A faithful copy of all the entries is required, with no pictures in it.
▶
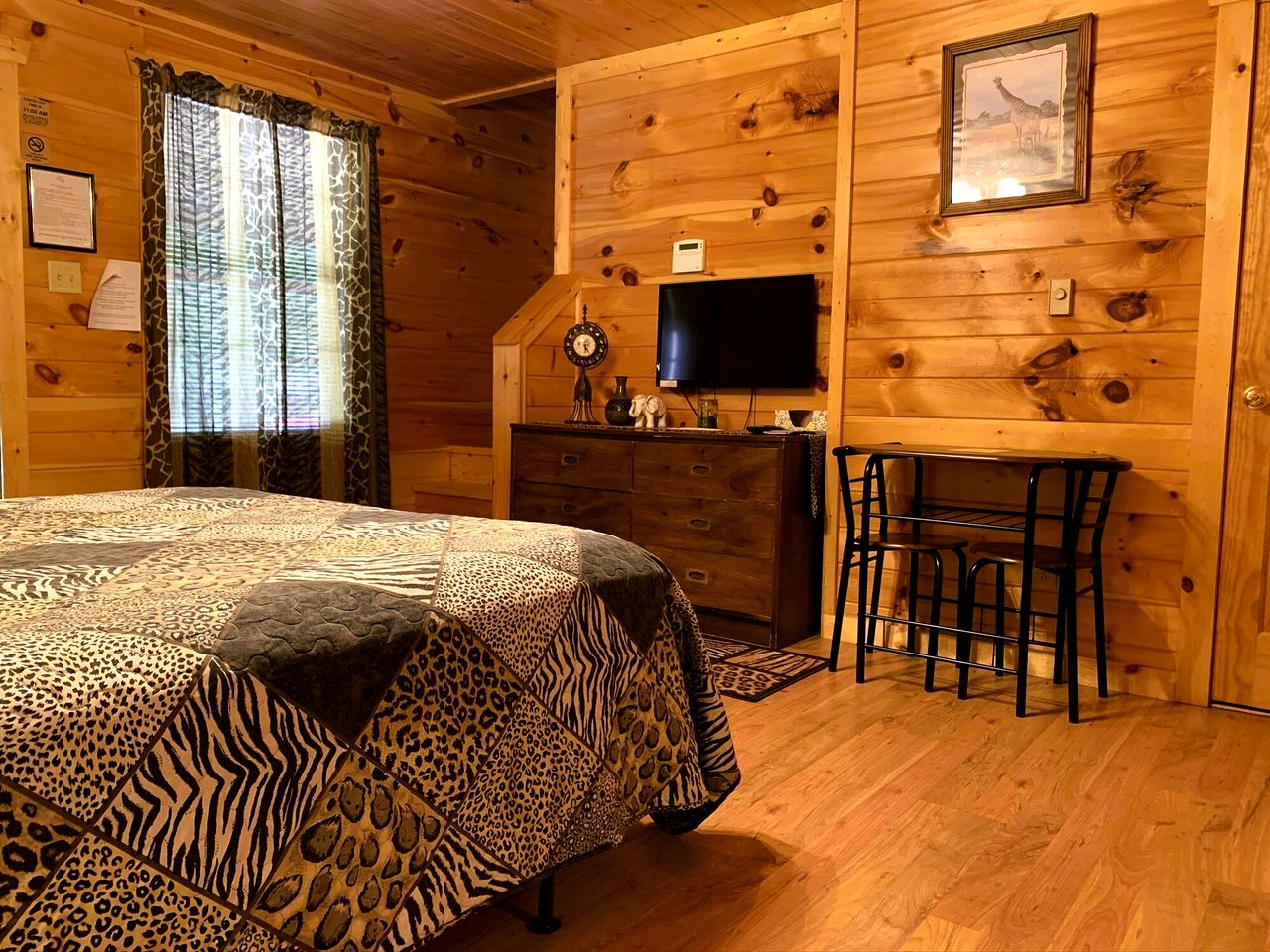 Rustic Studio Unit Perfect for a Couples Retreat in West Virginia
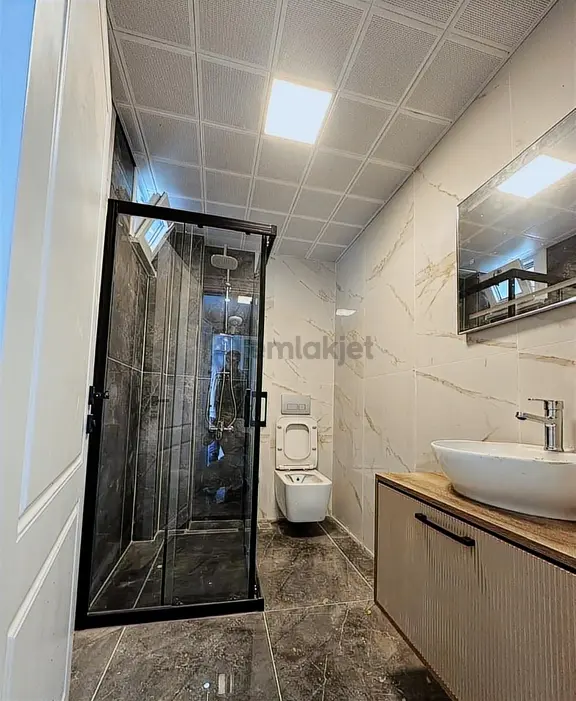 Gümüşyaka'da 3 Katlı Deniz Manzaralı Kaçırılmayacak Fırsat Villa 2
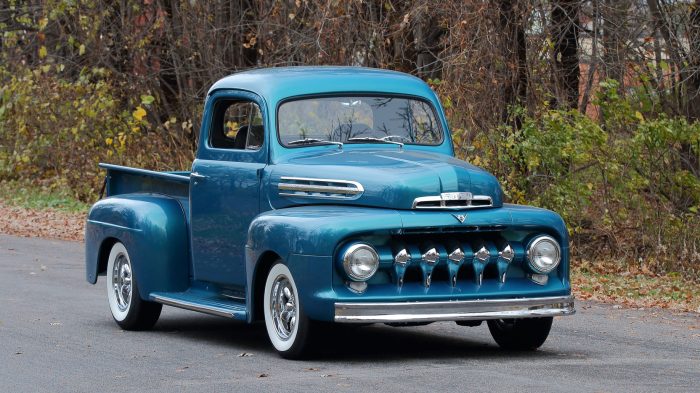 1951 Ford F1 Pickup: A Classic American Workhorse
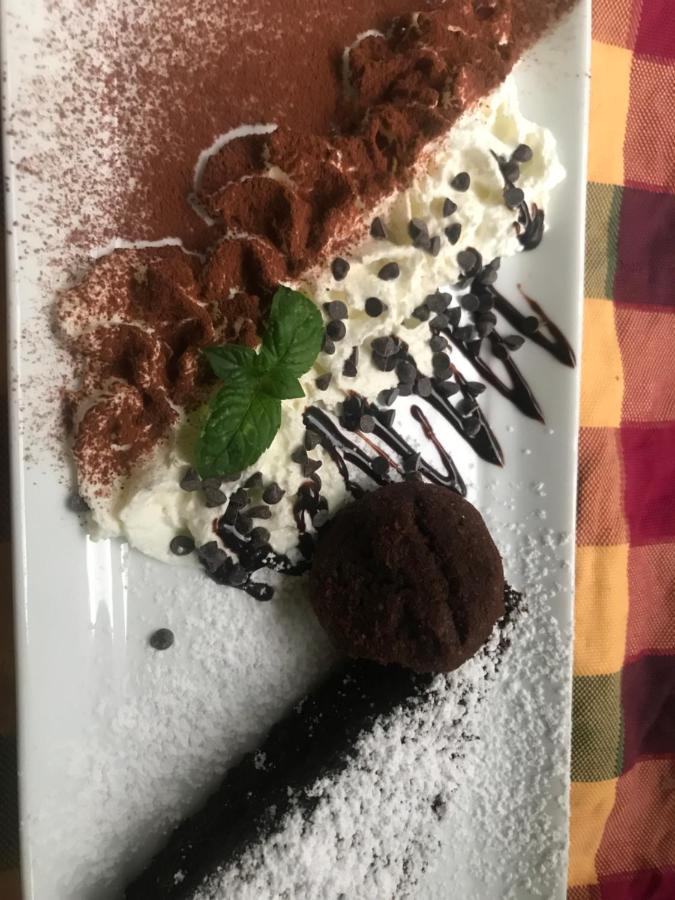 Locanda "Al Terrazzo" Erbezzo Bagian luar foto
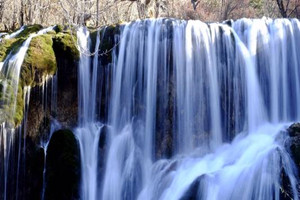 Cataratas de Nuorilang del Valle de Rize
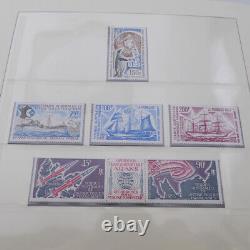 Collection timbres de T. A. A. F. 1948-2003 complet neuf en 2 albums
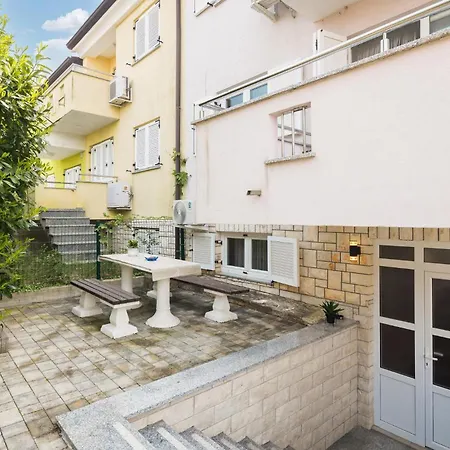 In With House Sea View Crveni Vrh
◀
• Exercise solution
 Rustic Studio Unit Perfect for a Couples Retreat in West Virginia
 Gümüşyaka'da 3 Katlı Deniz Manzaralı Kaçırılmayacak Fırsat Villa 2
 1951 Ford F1 Pickup: A Classic American Workhorse
 Locanda "Al Terrazzo" Erbezzo Bagian luar foto
 Cataratas de Nuorilang del Valle de Rize
 Collection timbres de T. A. A. F. 1948-2003 complet neuf en 2 albums
 In With House Sea View Crveni Vrh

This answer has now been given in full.